2. Understanding group dynamics and how to best leverage them to facilitate insight and learning.

3. Having an appreciation for how many people are “in the room” when talking with a client.

4. Understanding how to keep boundaries between “my stuff” and my client’s “stuff” in service of what is really helpful for the goals of our engagement and their development.

I have been in many industry discussions focused on differentiating the distinction between therapy and coaching – and have yet to find a clear definition that is accurate and concrete. I heard it said, “While coaching holds that the client is whole, resourceful, capable and creative, therapy does not.” Many therapists would take exception.

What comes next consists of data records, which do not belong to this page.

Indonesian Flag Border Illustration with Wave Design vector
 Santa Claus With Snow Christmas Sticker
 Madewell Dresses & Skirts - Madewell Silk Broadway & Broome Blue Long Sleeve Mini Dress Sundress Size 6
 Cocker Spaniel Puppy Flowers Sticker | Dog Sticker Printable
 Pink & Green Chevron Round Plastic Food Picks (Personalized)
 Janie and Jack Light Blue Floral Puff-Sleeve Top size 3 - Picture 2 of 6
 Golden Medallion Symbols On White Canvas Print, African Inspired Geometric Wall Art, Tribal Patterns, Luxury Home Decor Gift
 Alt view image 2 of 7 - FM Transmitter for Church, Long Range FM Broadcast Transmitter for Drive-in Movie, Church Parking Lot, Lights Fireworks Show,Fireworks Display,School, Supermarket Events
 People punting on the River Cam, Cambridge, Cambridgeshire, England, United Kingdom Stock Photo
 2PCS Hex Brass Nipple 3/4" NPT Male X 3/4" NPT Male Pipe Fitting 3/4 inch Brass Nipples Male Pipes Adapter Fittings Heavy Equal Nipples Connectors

When you are working with "the worried well”, the lines are gray. The overlap is both coaches and therapists work in the realm of emotions. Today our problems are more complex so require both head and heart, thoughts and feelings.While many therapists lead with emotions, they may also work on left brain strategies to heal their clients. With matters of the heart, you can’t always hold the results to a timeline and the cathartic process can be charged and messy. Coaching work is time bound, to monitor and measure results. While coaches may lead with left brain approaches, they need to address emotions in order to get at the roots of sustainable change. All true change takes place in the context of safety and trusted relationships.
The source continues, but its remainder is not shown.